**What is being asked:** The answer should be the exact lines from the line containing "初中数学沪科版七年级下册10.3 平行线的性质备课ppt课件" through the last line of the material below, with no pictures.

**Given information:**
:::

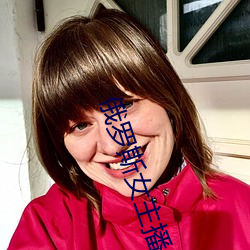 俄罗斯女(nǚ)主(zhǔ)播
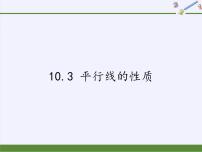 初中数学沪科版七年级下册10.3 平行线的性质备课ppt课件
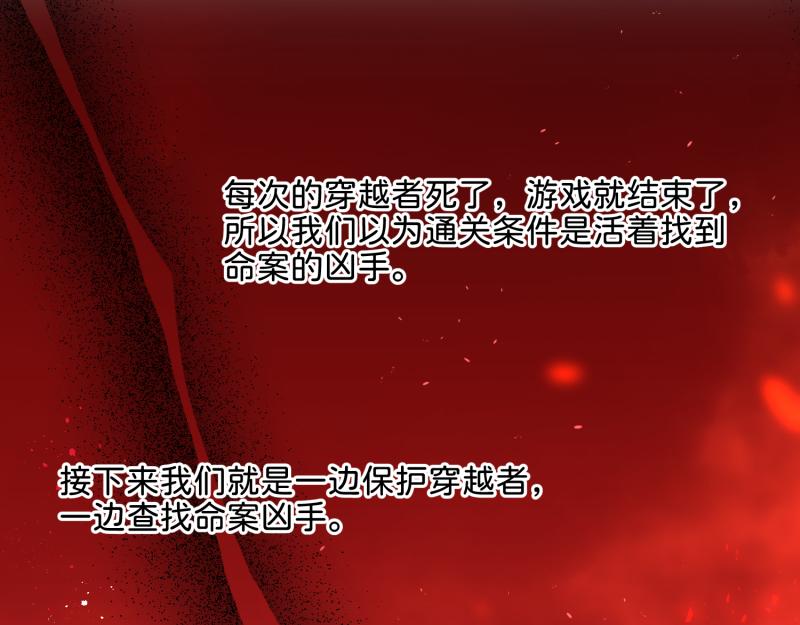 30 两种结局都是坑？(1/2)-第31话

:::

**Result of this exercise:**
 初中数学沪科版七年级下册10.3 平行线的性质备课ppt课件
 30 两种结局都是坑？(1/2)-第31话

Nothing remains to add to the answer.